* **DATA**:
*** Block opens ***

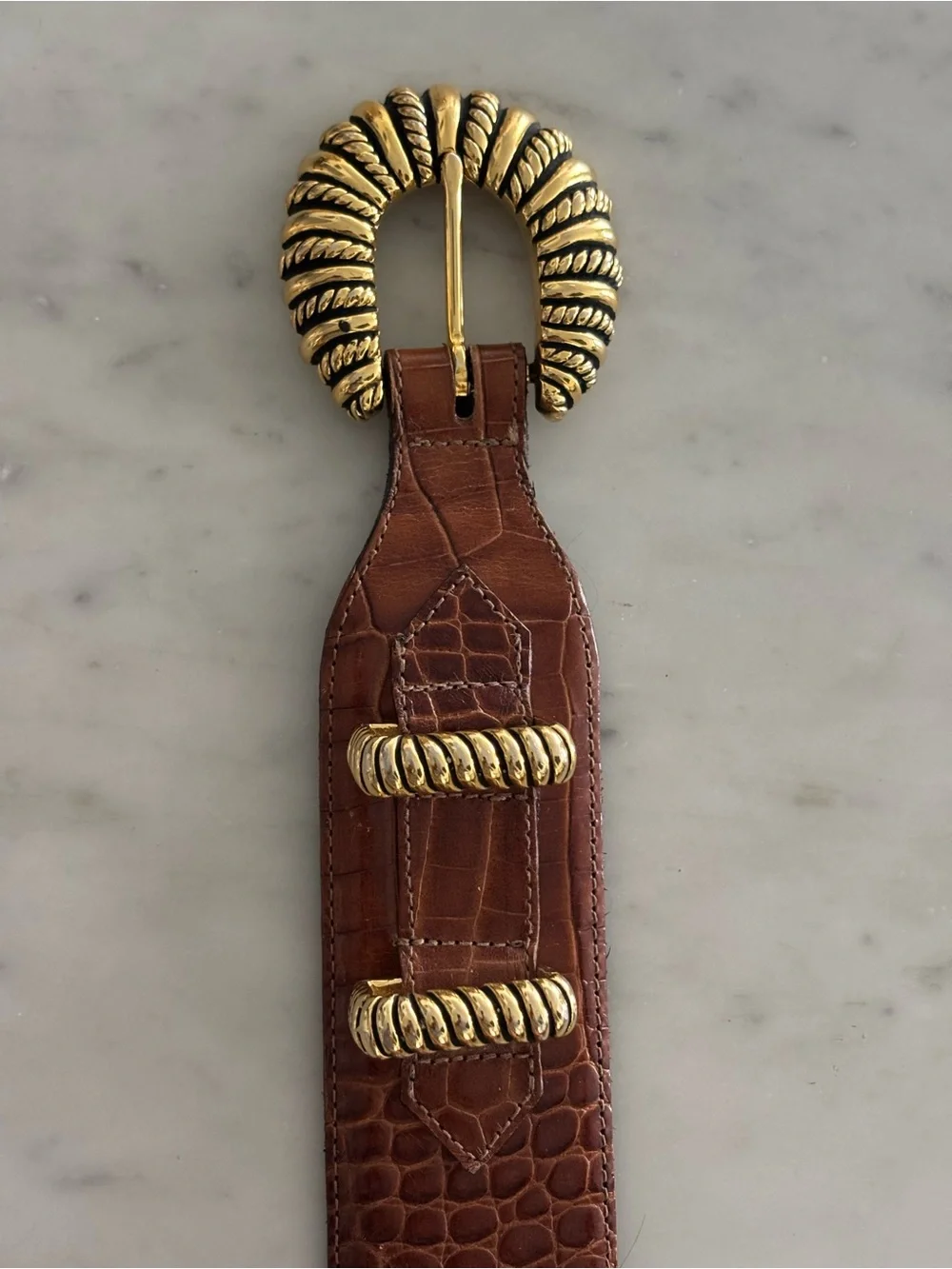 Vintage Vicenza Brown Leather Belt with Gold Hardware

*** Block closes ***
*** Block opens ***

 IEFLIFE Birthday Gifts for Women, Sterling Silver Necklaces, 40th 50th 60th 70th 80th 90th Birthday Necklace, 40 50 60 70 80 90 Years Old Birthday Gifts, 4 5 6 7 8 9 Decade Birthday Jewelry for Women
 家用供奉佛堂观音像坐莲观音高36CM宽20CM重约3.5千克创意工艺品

*** Block closes ***

* **WHAT TO PRODUCE**:
Taking the entries above, restate exactly those lines that fall between the line with "IEFLIFE Birthday Gifts" and the line with "家用供奉佛堂观音像坐莲观音高36CM宽20CM重约3.5千克创意工艺品", keeping both of those lines too.

* **COMPLETED TASK**:
 IEFLIFE Birthday Gifts for Women, Sterling Silver Necklaces, 40th 50th 60th 70th 80th 90th Birthday Necklace, 40 50 60 70 80 90 Years Old Birthday Gifts, 4 5 6 7 8 9 Decade Birthday Jewelry for Women
 家用供奉佛堂观音像坐莲观音高36CM宽20CM重约3.5千克创意工艺品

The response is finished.